Shoe maker Peko faces bankruptcy


After its owners and creditors failed to support its restructuring plan, the state has decided against yet another capital injection into the producer of the legendary footwear brand.

The Slovenian Sovereign Holding (SSH), which manages about a 61% state share in the Tržič-based company, expected the Peko management to present an ambitious plan for restructuring that would enable sustainable operations.

But after Peko shareholders - which apart from the state include state-owned investment firm DSU, and banks Gorenjska banka and SKB - got acquainted with the plan in early January, they decided not to back it.

SSH subsequently assessed that the planned capital increase by the state would be neither admissible nor sufficient to avert bankruptcy if creditors were not prepared to convert part of their claims into capital to enable the company to get a new loan.

Insufficient free assets which could be used to secure new loans are an obstacle to restructuring, the custodian of state assets concluded.

The Sovereign Holding also noted that the state had already provided funds for the company on several occasions in the past, with the last major recapitalisations carried out in 2012 and 2014.

The concept of salvaging the company was based on participation of all stakeholders, the owners and creditors, it stressed.

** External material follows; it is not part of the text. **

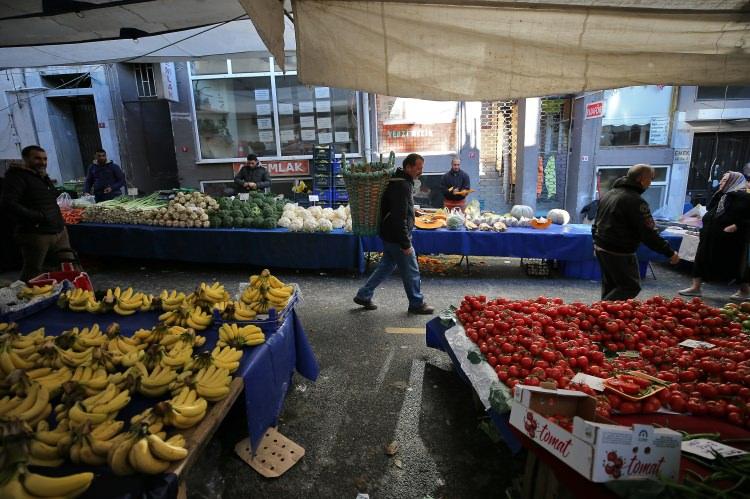 <p>Bazıları eksik veriyor, bazısı fazla. 'Bu hafta sen bu kadar verdin, geçen hafta bu kadar verdin. Neden aynısını vermiyorsun?' demiyorum. Müsait olmayabilir. Adam her zaman aynı parayı verecek hali yok." ifadelerini kullandı.</p>
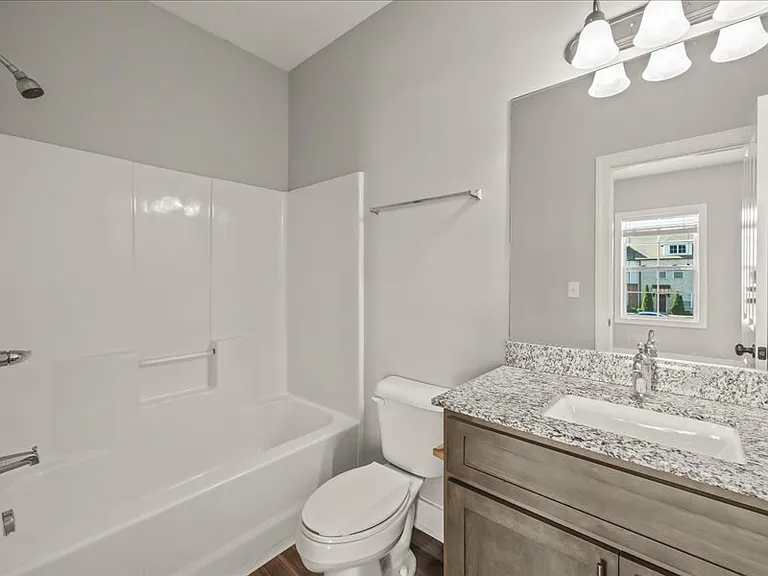 418 W Stevens St — Photo 13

What the decision means for Peko is not fully clear yet, but the company is likely to go into receivership. Lacking fresh money, Peko cannot buy input material, so production has been suspended for most of the time.

Peko boss Matjaž Delopst declined to comment on SSH's decision today, but he did express regret because he had believed the company could be salvaged, and because of the effort invested it its restructuring.

More about Peko's fate should be known early next week, when the company's supervisory board is due to discuss the situation. Receivership is the likeliest scenario.

Employing a workforce of 156, Peko owes about EUR 7m in debt, of which EUR 3.7m in short-term liabilities to banks that fell due at the beginning of the year.

Peko has been ailing for years, with its revenue dropping due to occasional suspension of production and its number of employees decreasing. The company's assets have been mostly sold to cover the costs of production.

A total of 77 Peko stores have been sold in the last seven years.

There have been several proposed solutions for revival of the company, including a sale to Croatia's Osimpex, but all of them eventually fell through.